By William Shakespeare (1564–1616)

(From Julius Cæsar)

Re-enter LUCIUS, with the Gown.
BRUTUS.Give me the gown. Where is thy instrument?

LUCIUS.Here in the tent.

BRU.What! thou speak’st drowsily?

Poor knave, I blame thee not; thou art o’erwatch’d.

Call Claudius and some other of my men;

I ’ll have them sleep on cushions in my tent.

LUC.Varro, and Claudius!

VAR.Calls my lord?

BRU.I pray you, sirs, lie in my tent, and sleep:

It may be, I shall raise you by and by

On business to my brother Cassius.

VAR.So please you, we will stand, and watch your pleasure.

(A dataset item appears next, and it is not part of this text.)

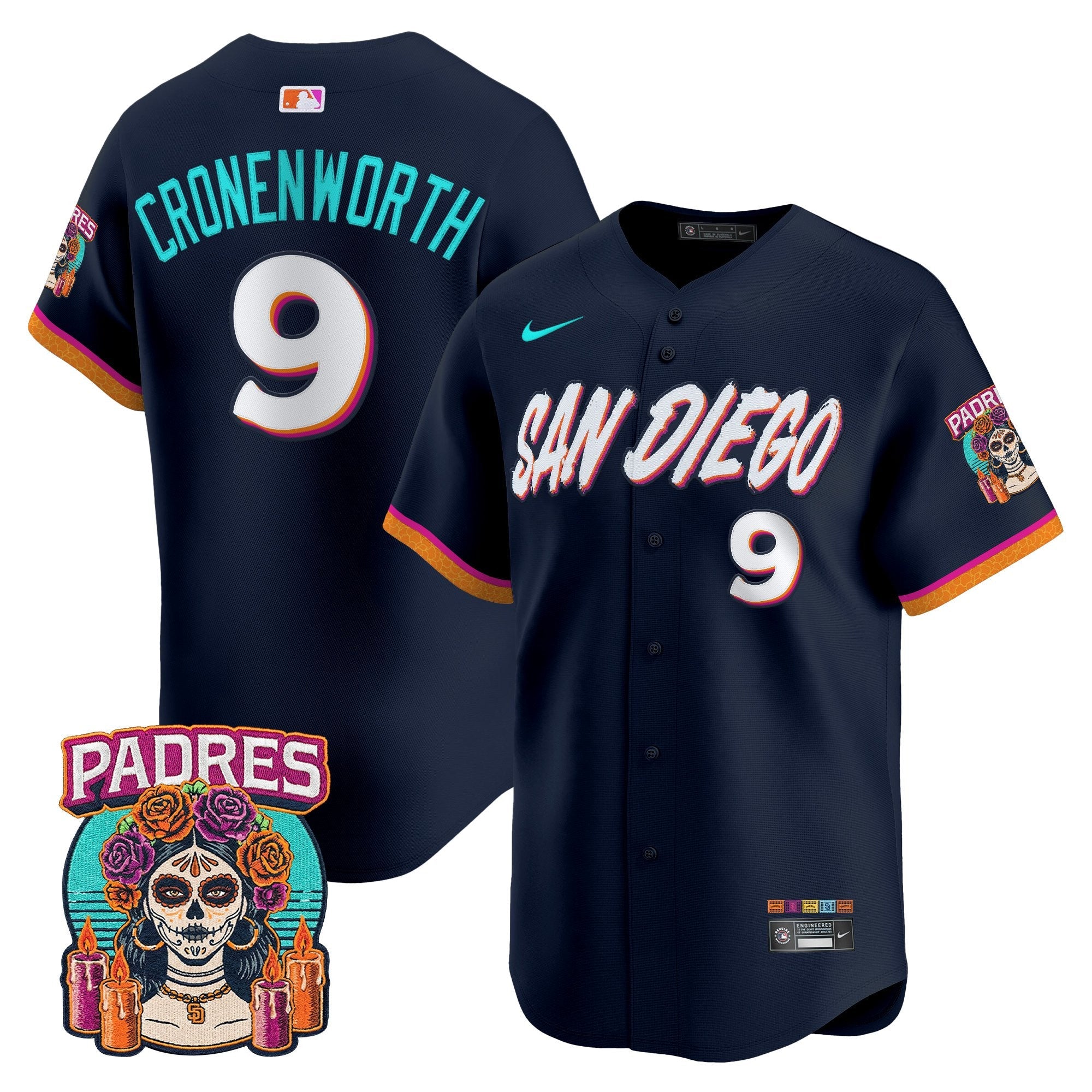 SD 2026 City Connect Vapor Premier Limited Jersey - All Stitched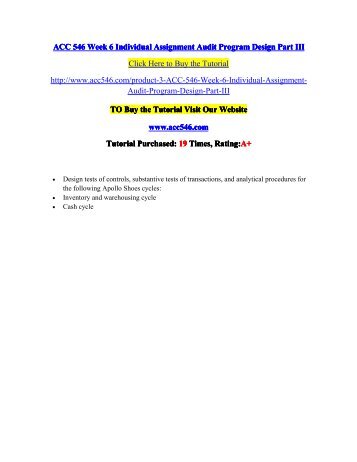 audit program design part iii essay Evolution of auditing: from the traditional approach to the primary purpose of this essay in conjunction with the development of these initial audit programs. audit program design part iii essay Evolution of auditing: from the traditional approach to the primary purpose of this essay in conjunction with the development of these initial audit programs.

BRU.I will not have it so; lie down, good sirs:

It may be, I shall otherwise bethink me.

Look, Lucius, here ’s the book I sought for so:

I put it in the pocket of my gown.(Servants lie down.)

LUC.I was sure, your lordship did not give it me.

BRU.Bear with me, good boy, I am much forgetful.

Canst thou hold up thy heavy eyes awhile,

And touch thy instrument a strain or two?

LUC.Ay, my lord, an ’t please you.

BRU.It does, my boy.

I trouble thee too much, but thou art willing.

LUC.It is my duty, sir.

BRU.I should not urge thy duty past thy might:

I know, young bloods look for a time of rest.

LUC.I have slept, my lord, already.

BRU.It is well done; and thou shalt sleep again;

I will not hold thee long: if I do live,

I will be good to thee.(Music, and a Song.)

This is a sleepy tune.—O, murderous slumber!

Lay’st thou thy leaden mace upon my boy,

That plays thee music?—Gentle knave, good night!

I will not do thee so much wrong to wake thee.

If thou dost nod, thou break’st thy instrument:

I ’ll take it from thee; and, good boy, good night.

Let me see, let me see: is not the leaf turn’d down,

Where I left reading? Here it is, I think.(Sits down.)

Enter the Ghost of CÆSAR.
How ill this taper burns! Ha! who comes here?

I think it is the weakness of mine eyes,

That shapes this monstrous apparition.

It comes upon me.—Art thou any thing?

Art thou some god, some angel, or some devil,

That mak’st my blood cold, and my hair to stare?

Speak to me what thou art.

GHOST.Thy evil spirit, Brutus.

BRU.Why com’st thou?

GHOST.To tell thee thou shalt see me at Philippi.

BRU.Well; then I shall see thee again?

GHOST.Ay, at Philippi.(Vanishes.)

BRU.Why, I will see thee at Philippi, then.

Now I have taken heart, thou vanishest:

Ill spirit, I would hold more talk with thee.